Pesquisas realizadas na Universidade de Copenhagen há 10 anos e validadas em estudos posteriores, mostraram que a Vitamina D é fundamental na ativação do nosso sistema imunológico, e sua insuficiência no sangue gera deficiência de células T killer, dificultando a reação do corpo em combater infecções no organismo. Apesar de ser possível ingerir Vitamina D em forma de suplementos ou do consumo de alimentos ricos nessa vitamina, existem indicações de que o metabolismo hepático durante o processo digestivo pode alterar a sua atividade no organismo humano. A forma mais ativa dessa vitamina natural é conhecida popularmente como o “hormônio do sol” ou a “vitamina do sol” por ser produzida pelo seu corpo ao expor sua pele aos raios solares. Portanto, monitore seus níveis de vitamina D com seu médico e avalie a melhor forma de manter níveis normais dela em seu sangue, seja por banhos de sol ou por reposição.

Recapitulando e Simplificando…

Sua imunidade depende das barreiras físicas, como a mucosa intestinal e o epitélio intestinal, além do equilíbrio químico entre inflamação e resolução.

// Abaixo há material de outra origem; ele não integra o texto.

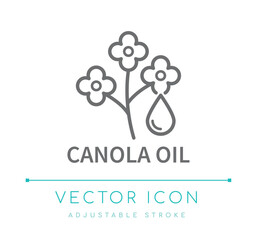 Canola Oil Line Icon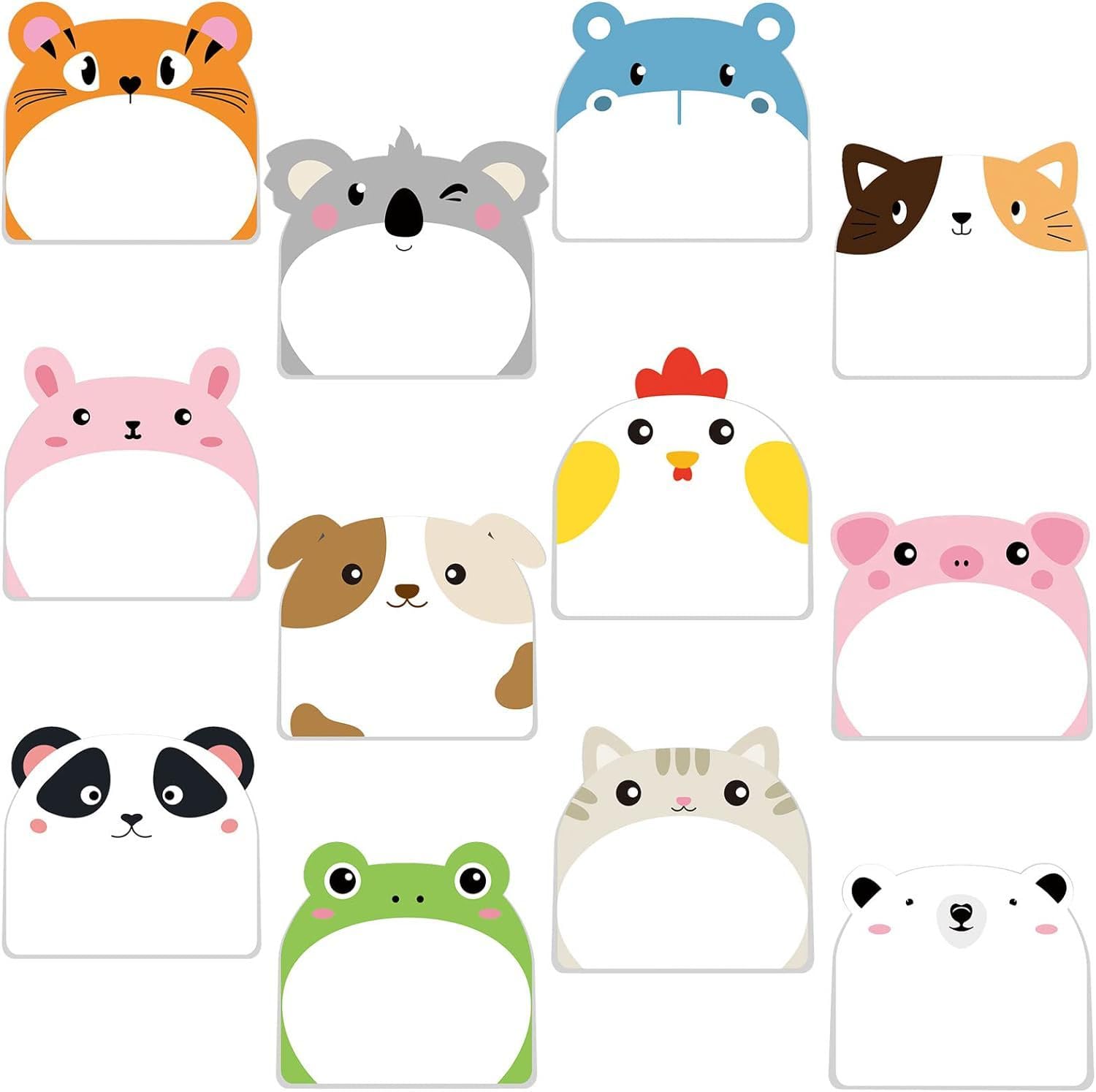 ButtVigour 12 Pack Animal Sticky Notes, 360 Sheets Cute Cartoon Shape Sticky Notes Set for Kids, 12 Designs (Tiger, Panda, Dog, Cat), 30 Sheets/Pad, Cute Sticky Notes for School, Office, Home, Gifts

Desde que a alimentação seja encarada como uma medicação a ser tomada nas doses e horários certos, ela aumenta as chances de fornecer um ambiente favorável e os nutrientes que manterão seu sistema imunológico otimizado e a sua saúde protegida.

Na dúvida, recorra aos sábios conselhos de nossos pais e avós: não levante da mesa antes de comer todos os seus legumes e verduras, saia da frente da televisão e “vai brincar no sol”, não saia de casa sem tomar seu óleo de peixe, evite o consumo frequente de alimentos industrializados e consuma uma boa porção de proteínas magras (claras de ovos, filés de peixes, carnes magras etc). E se quiser seguir o provérbio do final do século 19 “an apple a day keeps the doctor away” (uma maçã por dia mantém o médico longe), lembre-se de comer a casca!